One of the most significant challenges faced by any jobseeker is how to make yourself more marketable. It’s important to identify and develop qualities and skills that make you more attractive to potential employers than your counterparts. While the list of these qualities is extensive, and includes commonly known traits such as education and communication skills, this ever-evolving job market requires you to go above what is common. Here are 7 qualities/skills that every employee should seek to attain. —Aisha M. Taylor

  1. Flexibility: Employers want to know that your experience has taught you to be flexible when it comes to schedule, travel, salary and assignments. A rigid mentality is unattractive to hiring managers and will likely result in the consideration of a candidate who is more willing to compromise. Your ability to be flexible will be recognized and likely rewarded.
  1. Timelessness: Employers like to know that potential employees will be able to withstand during an ever-changing industry. The best way to convey your timelessness is to indicate your commitment to ongoing learning, training and credentialing. This might mean that you’ve taken a refresher course or updated your technical skills. Or, you can display your commitment to progression by researching upcoming systems, programs or laws that could affect your industry. Be as tech-savvy as possible, and keep up with the latest trends on how to use technology and social media to benefit your industry. Employers consider you an investment and want to be sure that their return will be able to endure the demands of a constantly changing market.
  1. Problem-Solving: Problem-solving is perhaps the one quality that applies to every position imaginable. Whether you’re sweeping floors, flipping burgers, or the CEO of a major corporation, you must be able to solve problems. Your ability to demonstrate your problem-solving skills will give employers a confidence in you that they might not have otherwise had. Problems are a natural occurrence and employers are often drawn to those who can quickly and efficiently solve the many problems that come along with the territory. Victoria Anderson, partner resources manager with Starbucks Coffee Co., says, “Problem-solving is demonstrating the ability to identify a problem and helping to lead a team through solving it; or individually using your resources to solve that problem.”

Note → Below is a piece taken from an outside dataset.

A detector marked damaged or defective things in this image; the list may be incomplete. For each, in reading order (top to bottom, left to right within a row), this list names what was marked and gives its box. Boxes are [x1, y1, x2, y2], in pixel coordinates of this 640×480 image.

  1. Relationship-Building: Much greater than networking is your ability to build lasting professional relationships. Employers are impressed by candidates who have worked hard to establish and maintain professional relationships with key stakeholders. Employers will know if you possess the relationship-building skills they need in a variety of ways. If relationship-building hasn’t been your forte, start off small by connecting with those who have been instrumental in your career thus far. Send a simple e-mail touching base and thanking them (individually, of course) for their contributions to your career. Don’t ask for anything, but close the e-mail by stating that you’d love to stay in touch. This is a great way to begin building those relationships that could very well lead to your next career opportunity.